:: Extracted entries ::
—————

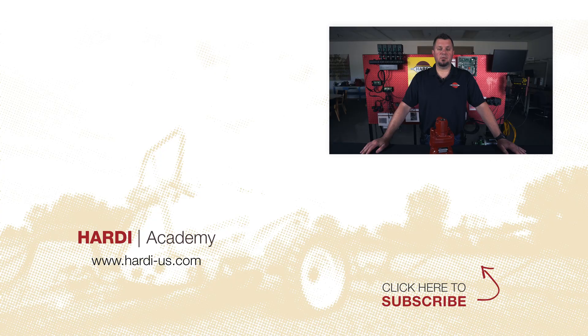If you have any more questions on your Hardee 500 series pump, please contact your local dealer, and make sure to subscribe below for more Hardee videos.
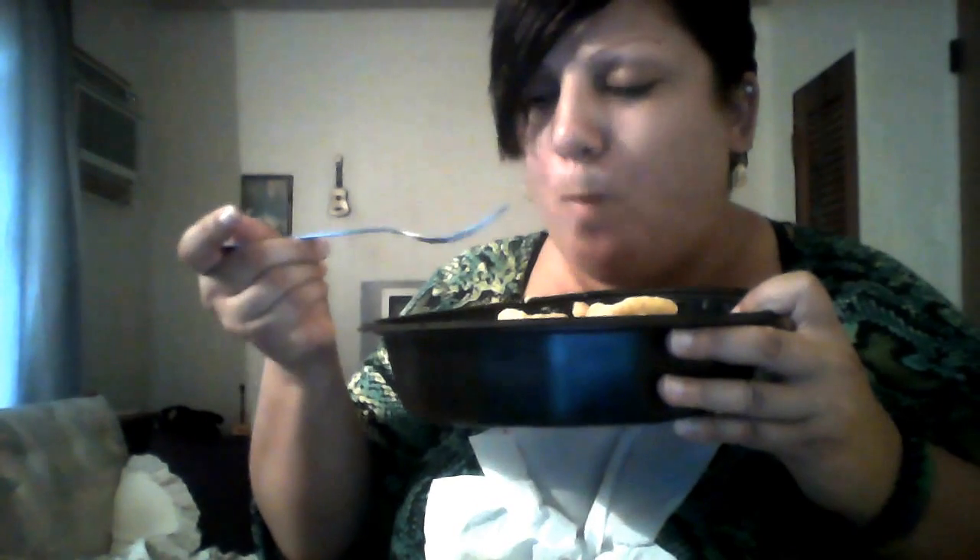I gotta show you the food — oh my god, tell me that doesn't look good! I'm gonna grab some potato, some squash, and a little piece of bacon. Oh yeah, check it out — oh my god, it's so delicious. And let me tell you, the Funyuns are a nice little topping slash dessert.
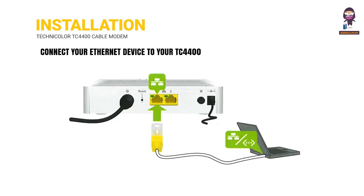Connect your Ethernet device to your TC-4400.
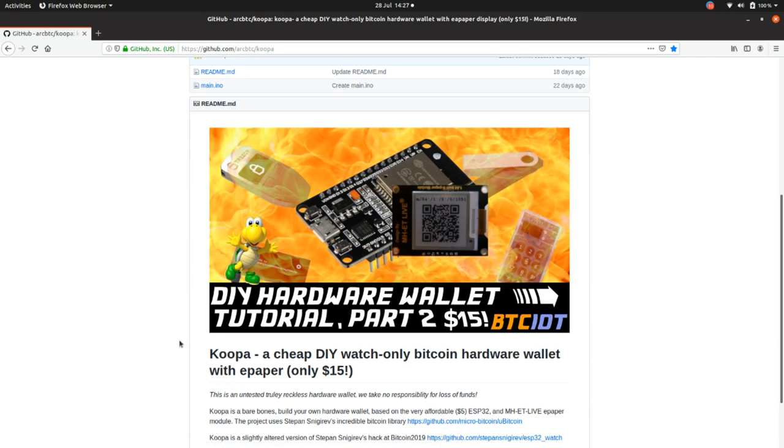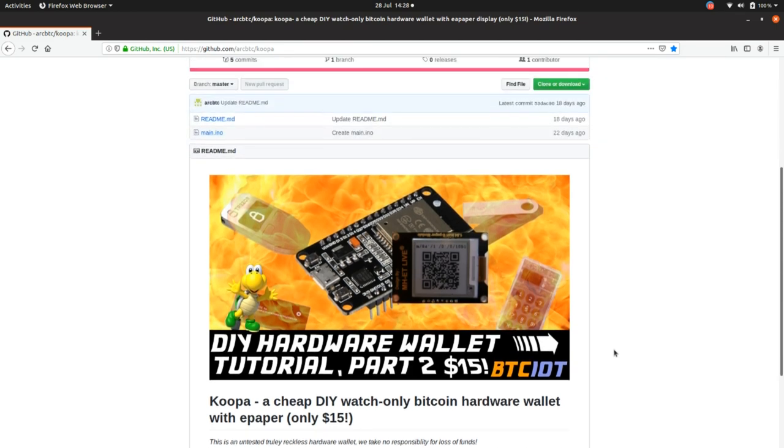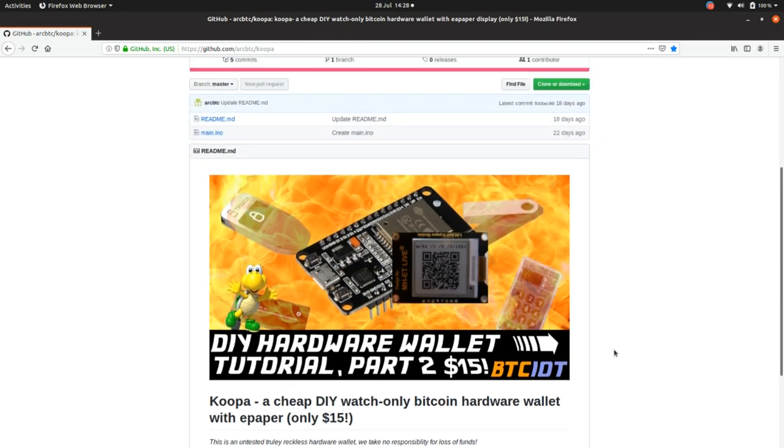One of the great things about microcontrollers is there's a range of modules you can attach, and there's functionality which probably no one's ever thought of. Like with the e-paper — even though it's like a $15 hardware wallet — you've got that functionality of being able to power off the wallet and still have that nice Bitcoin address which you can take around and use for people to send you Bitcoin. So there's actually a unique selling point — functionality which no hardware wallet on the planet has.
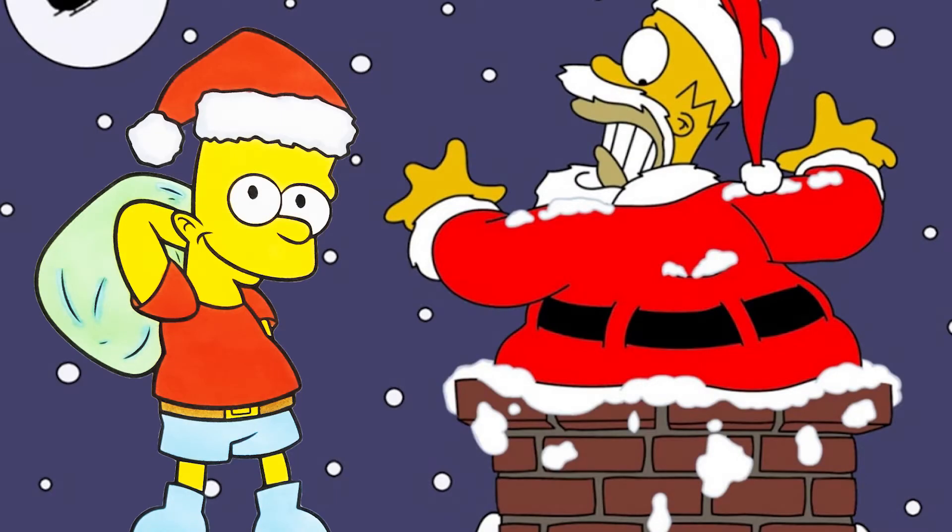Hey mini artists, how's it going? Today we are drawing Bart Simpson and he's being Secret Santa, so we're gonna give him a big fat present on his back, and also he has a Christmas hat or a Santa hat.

—————

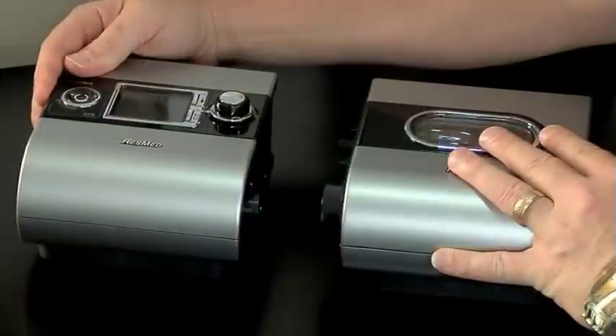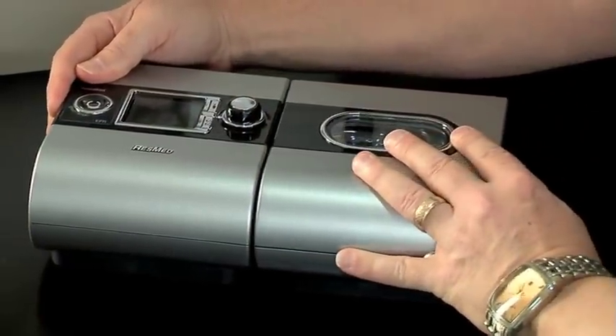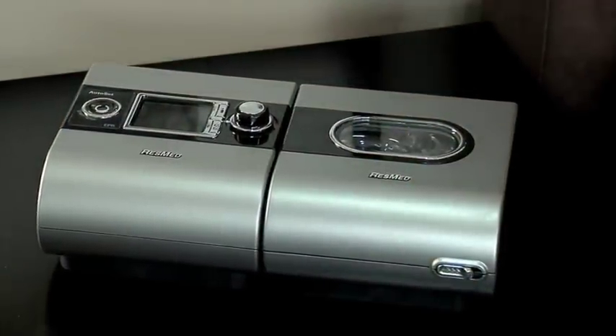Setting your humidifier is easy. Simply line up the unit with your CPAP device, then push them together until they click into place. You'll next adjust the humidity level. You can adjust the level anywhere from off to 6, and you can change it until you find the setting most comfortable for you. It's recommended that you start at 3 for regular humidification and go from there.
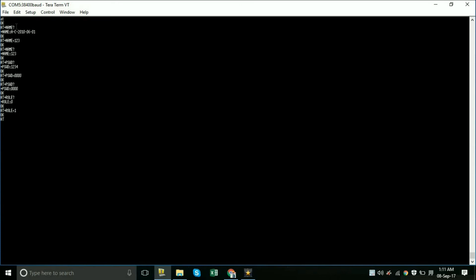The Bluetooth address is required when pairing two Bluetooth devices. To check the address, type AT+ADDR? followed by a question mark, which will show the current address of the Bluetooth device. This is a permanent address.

—————

:: Exercise objective ::
Using the data above, retype exactly and only the lines from the one containing "If you have" up to and including the one containing "Hey mini artists, how's", with no pictures carried over.

:: Output for this exercise ::
If you have any more questions on your Hardee 500 series pump, please contact your local dealer, and make sure to subscribe below for more Hardee videos.
I gotta show you the food — oh my god, tell me that doesn't look good! I'm gonna grab some potato, some squash, and a little piece of bacon. Oh yeah, check it out — oh my god, it's so delicious. And let me tell you, the Funyuns are a nice little topping slash dessert.
Connect your Ethernet device to your TC-4400.
One of the great things about microcontrollers is there's a range of modules you can attach, and there's functionality which probably no one's ever thought of. Like with the e-paper — even though it's like a $15 hardware wallet — you've got that functionality of being able to power off the wallet and still have that nice Bitcoin address which you can take around and use for people to send you Bitcoin. So there's actually a unique selling point — functionality which no hardware wallet on the planet has.
Hey mini artists, how's it going? Today we are drawing Bart Simpson and he's being Secret Santa, so we're gonna give him a big fat present on his back, and also he has a Christmas hat or a Santa hat.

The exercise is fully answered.